Given material section start

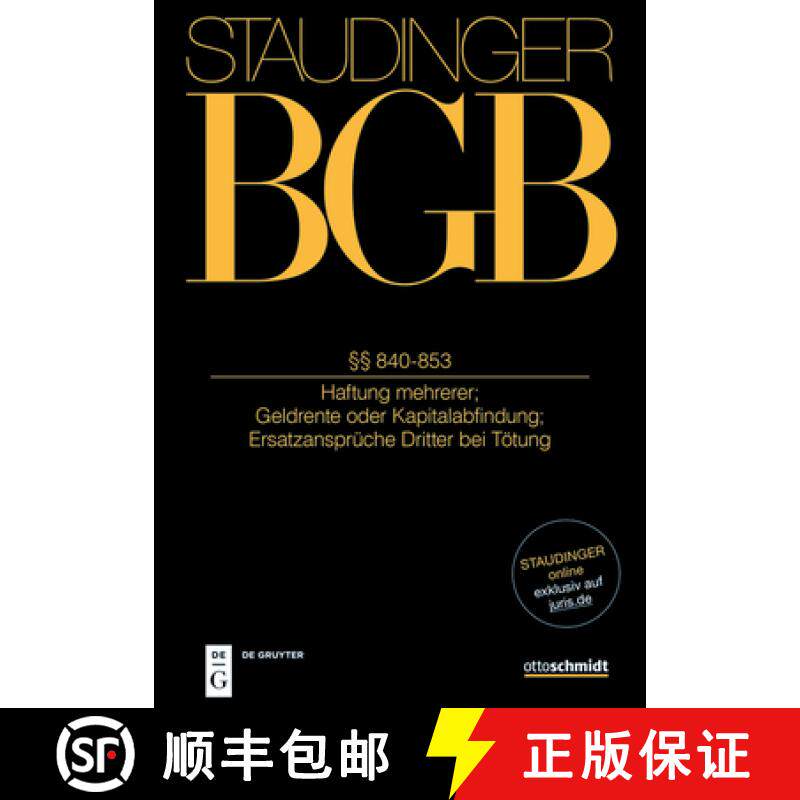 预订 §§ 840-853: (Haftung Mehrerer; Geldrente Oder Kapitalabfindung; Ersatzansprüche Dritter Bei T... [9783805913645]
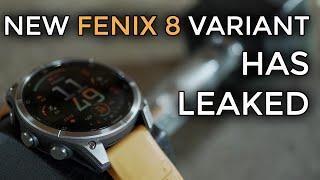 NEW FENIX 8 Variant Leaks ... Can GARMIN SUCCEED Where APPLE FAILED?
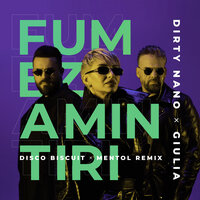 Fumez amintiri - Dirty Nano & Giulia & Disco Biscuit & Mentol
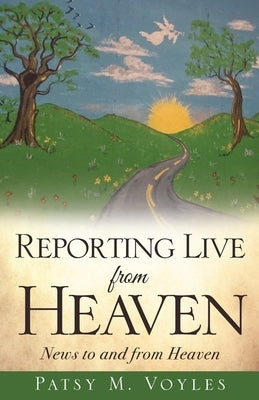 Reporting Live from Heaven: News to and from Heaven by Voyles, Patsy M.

Given material section end

What to do: Repeat the data in full, exactly as it stands, but drop every picture.

Task solution:
 预订 §§ 840-853: (Haftung Mehrerer; Geldrente Oder Kapitalabfindung; Ersatzansprüche Dritter Bei T... [9783805913645]
 NEW FENIX 8 Variant Leaks ... Can GARMIN SUCCEED Where APPLE FAILED?
 Fumez amintiri - Dirty Nano & Giulia & Disco Biscuit & Mentol
 Reporting Live from Heaven: News to and from Heaven by Voyles, Patsy M.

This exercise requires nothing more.